A iniciativa ocorre após a Federação Internacional de Diabetes (IDF) reconhecer a doença, em abril do ano passado, incorporando-a a uma classificação formal. O objetivo agora é identificar pacientes, dimensionar a presença da condição no País e evitar tratamentos inadequados.

A dimensão do problema ainda é desconhecida.
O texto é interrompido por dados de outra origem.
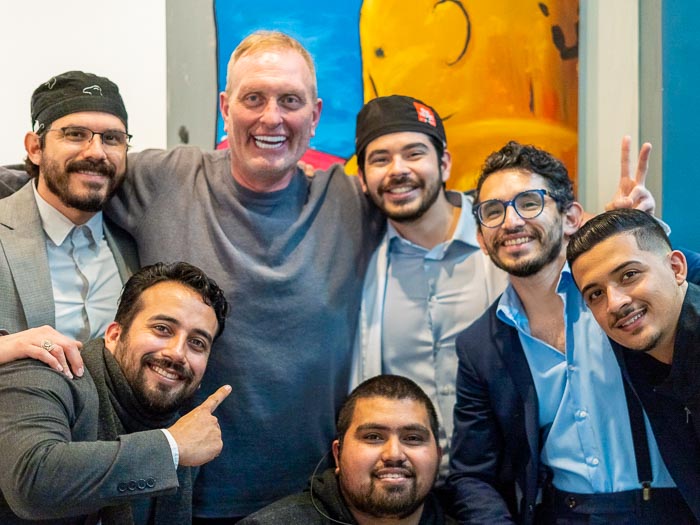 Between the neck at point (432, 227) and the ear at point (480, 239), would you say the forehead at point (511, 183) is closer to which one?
the ear at point (480, 239)

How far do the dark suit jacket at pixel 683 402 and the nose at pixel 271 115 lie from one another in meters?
1.11

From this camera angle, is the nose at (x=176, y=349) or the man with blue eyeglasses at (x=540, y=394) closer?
the nose at (x=176, y=349)

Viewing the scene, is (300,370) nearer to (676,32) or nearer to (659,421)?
(659,421)

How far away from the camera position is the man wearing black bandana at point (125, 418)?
1666mm

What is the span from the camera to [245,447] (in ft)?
7.42

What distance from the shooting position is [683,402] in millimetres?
1975

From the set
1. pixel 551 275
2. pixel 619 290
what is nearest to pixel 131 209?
pixel 551 275

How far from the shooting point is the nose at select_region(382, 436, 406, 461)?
2186 mm

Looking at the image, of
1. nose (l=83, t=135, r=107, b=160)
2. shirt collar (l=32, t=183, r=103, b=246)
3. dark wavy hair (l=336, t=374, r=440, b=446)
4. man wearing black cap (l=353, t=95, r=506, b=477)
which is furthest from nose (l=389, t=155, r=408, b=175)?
shirt collar (l=32, t=183, r=103, b=246)

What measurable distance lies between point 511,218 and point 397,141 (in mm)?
412

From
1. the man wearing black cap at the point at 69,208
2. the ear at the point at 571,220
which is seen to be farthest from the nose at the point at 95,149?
the ear at the point at 571,220

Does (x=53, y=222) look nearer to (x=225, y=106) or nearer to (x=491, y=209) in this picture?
(x=225, y=106)

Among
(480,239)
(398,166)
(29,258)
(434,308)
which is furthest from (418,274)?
(29,258)

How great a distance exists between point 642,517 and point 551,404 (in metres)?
0.37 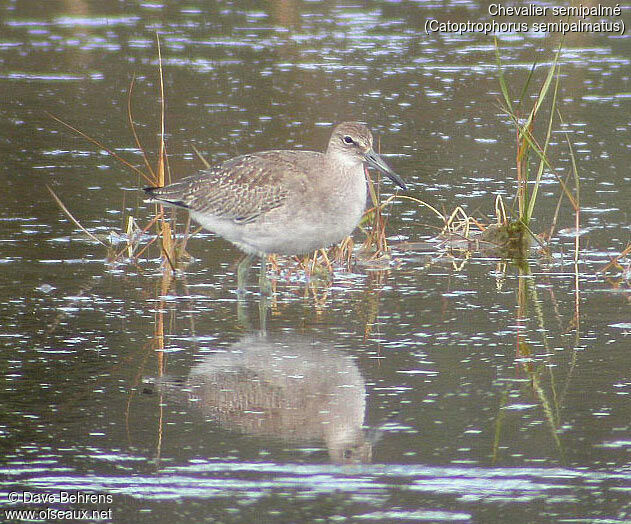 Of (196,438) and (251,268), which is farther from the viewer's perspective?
(251,268)

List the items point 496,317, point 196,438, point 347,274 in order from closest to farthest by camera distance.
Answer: point 196,438, point 496,317, point 347,274

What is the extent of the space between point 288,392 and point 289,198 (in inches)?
86.6

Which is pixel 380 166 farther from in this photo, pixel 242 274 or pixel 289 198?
pixel 242 274

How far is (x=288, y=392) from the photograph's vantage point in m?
6.18

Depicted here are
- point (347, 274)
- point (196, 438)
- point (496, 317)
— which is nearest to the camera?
point (196, 438)

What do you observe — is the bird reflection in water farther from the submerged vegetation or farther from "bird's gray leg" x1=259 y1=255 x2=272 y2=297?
the submerged vegetation

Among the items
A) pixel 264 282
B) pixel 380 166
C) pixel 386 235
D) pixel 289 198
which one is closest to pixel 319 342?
pixel 264 282

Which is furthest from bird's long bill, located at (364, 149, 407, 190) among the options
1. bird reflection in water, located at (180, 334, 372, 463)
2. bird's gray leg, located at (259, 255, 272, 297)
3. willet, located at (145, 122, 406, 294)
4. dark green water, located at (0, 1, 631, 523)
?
bird reflection in water, located at (180, 334, 372, 463)

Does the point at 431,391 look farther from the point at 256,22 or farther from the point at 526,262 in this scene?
the point at 256,22

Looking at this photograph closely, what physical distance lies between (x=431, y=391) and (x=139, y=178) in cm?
528

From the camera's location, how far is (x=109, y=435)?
5.64m

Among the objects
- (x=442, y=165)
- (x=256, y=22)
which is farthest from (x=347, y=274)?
(x=256, y=22)

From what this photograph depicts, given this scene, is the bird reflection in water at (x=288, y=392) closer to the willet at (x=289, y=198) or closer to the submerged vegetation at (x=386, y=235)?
the willet at (x=289, y=198)

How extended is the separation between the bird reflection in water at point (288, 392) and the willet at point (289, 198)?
1.09 meters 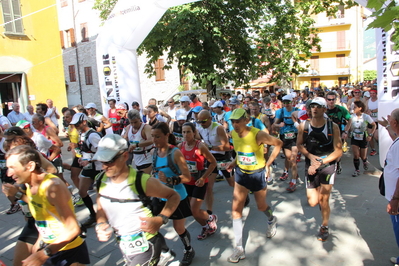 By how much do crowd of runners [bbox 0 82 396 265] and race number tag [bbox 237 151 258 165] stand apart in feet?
0.04

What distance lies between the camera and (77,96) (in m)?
30.4

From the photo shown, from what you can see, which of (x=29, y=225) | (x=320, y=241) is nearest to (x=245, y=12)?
(x=320, y=241)

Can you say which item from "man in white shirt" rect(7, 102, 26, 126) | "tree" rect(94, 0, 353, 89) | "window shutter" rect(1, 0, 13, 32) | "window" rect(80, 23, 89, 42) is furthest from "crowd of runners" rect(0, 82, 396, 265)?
"window" rect(80, 23, 89, 42)

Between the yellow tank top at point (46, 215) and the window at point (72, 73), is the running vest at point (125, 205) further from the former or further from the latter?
the window at point (72, 73)

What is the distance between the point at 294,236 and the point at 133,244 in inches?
104

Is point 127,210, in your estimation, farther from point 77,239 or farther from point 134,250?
point 77,239

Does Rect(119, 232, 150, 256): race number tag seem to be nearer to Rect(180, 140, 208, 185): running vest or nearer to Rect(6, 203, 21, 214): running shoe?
Rect(180, 140, 208, 185): running vest

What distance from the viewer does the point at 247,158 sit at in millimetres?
4035

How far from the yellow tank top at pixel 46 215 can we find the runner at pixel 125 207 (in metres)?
0.36

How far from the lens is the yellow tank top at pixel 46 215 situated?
2521mm

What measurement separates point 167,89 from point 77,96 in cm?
881

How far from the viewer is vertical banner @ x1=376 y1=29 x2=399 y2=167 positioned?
6074 mm

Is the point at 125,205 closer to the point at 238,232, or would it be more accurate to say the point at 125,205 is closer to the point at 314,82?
the point at 238,232

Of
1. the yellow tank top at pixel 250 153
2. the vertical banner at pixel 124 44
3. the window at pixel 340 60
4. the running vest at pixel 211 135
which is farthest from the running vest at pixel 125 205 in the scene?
the window at pixel 340 60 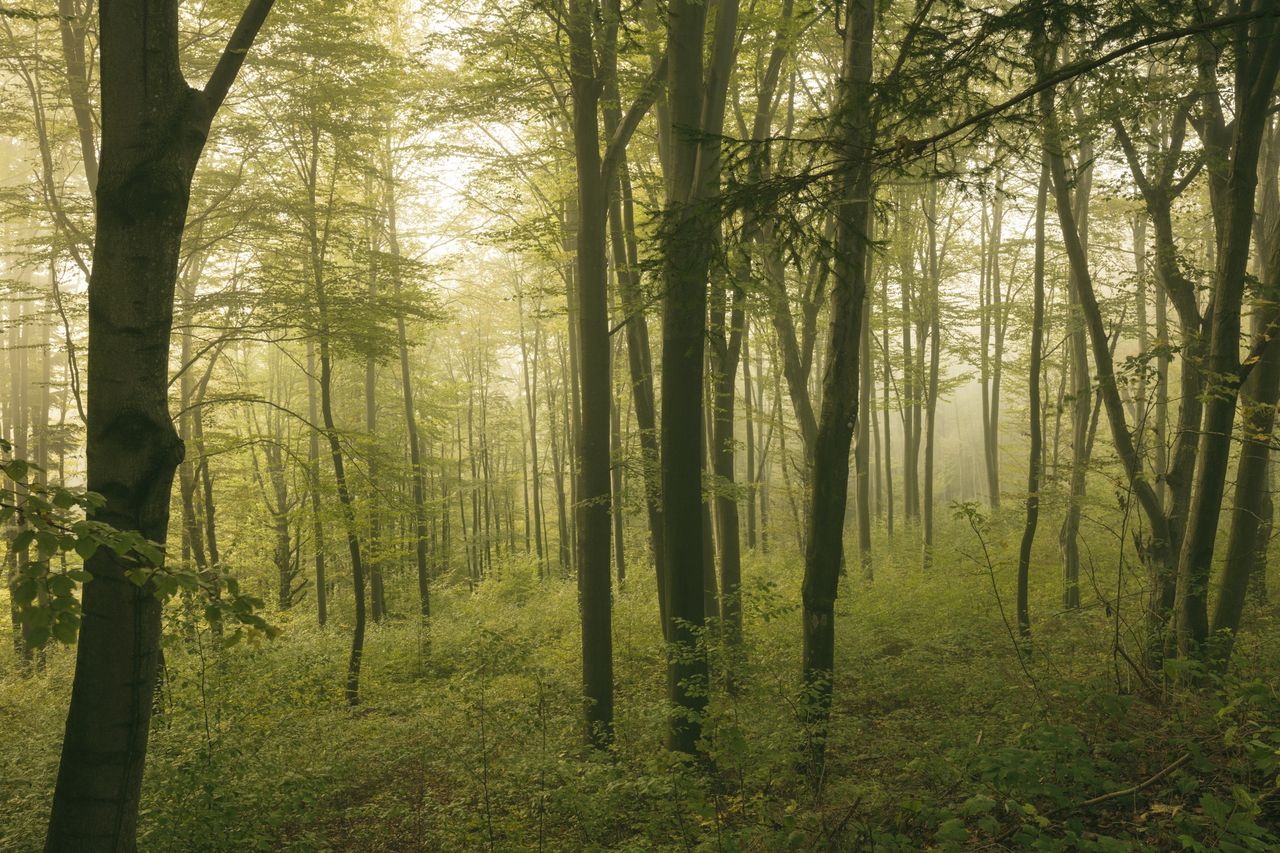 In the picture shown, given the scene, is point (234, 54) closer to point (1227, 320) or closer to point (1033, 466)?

O cenário é de subnotificação, e uma das razões apontadas é justamente a possibilidade de pacientes terem sido diagnosticados como portadores dos tipos 1 ou 2.
A classificação errada pode levar a um tratamento incompatível com as características da doença e aumentar o risco de complicações como retinopatia, neuropatia e doença renal.
A nova plataforma de rastreamento será construída a partir de estudos realizados no Brasil pela Universidade Federal de São Paulo (Unifesp) e pela Universidade Federal do Rio de Janeiro (UFRJ). A iniciativa reúne a IDF, a Sociedade Brasileira de Endocrinologia e Metabologia (SBEM), a Sociedade Brasileira de Diabetes (SBD) e a Fiocruz.
O rastreamento foi apresentado na edição desta terça-feira 1º do jornal O Correio de Hoje.